[WORK ORDER] Your answer should be the lines below from the one holding "HINTRMENT Handheld Megaphone" through the one holding "San Vincenzo to Montopoli In Val D' Arno map", copied exactly and with nothing else.

[EXCERPTED RECORDS]

·····

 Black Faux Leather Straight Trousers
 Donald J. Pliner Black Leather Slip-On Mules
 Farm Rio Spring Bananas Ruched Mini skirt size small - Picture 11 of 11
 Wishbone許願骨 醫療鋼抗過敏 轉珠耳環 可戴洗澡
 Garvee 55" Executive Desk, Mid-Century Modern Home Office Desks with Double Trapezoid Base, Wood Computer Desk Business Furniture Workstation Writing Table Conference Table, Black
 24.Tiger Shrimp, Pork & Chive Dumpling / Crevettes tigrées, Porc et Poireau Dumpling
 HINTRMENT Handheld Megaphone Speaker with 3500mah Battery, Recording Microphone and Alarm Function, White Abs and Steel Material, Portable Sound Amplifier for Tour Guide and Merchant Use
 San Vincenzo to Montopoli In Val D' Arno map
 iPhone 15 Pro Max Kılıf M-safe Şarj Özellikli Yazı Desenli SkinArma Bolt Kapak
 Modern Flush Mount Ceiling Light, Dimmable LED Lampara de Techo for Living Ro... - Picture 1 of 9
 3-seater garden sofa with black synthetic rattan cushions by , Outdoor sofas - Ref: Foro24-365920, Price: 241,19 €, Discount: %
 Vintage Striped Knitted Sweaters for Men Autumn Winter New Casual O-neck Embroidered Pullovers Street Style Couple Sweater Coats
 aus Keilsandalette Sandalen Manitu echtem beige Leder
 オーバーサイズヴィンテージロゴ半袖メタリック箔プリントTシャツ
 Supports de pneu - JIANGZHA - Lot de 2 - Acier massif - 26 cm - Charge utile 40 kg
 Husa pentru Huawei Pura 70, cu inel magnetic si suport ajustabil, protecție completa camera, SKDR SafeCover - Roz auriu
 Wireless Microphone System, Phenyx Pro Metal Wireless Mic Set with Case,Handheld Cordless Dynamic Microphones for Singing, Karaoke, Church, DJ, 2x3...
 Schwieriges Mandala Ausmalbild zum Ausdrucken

·····

[COMPLETED EXERCISE]
 HINTRMENT Handheld Megaphone Speaker with 3500mah Battery, Recording Microphone and Alarm Function, White Abs and Steel Material, Portable Sound Amplifier for Tour Guide and Merchant Use
 San Vincenzo to Montopoli In Val D' Arno map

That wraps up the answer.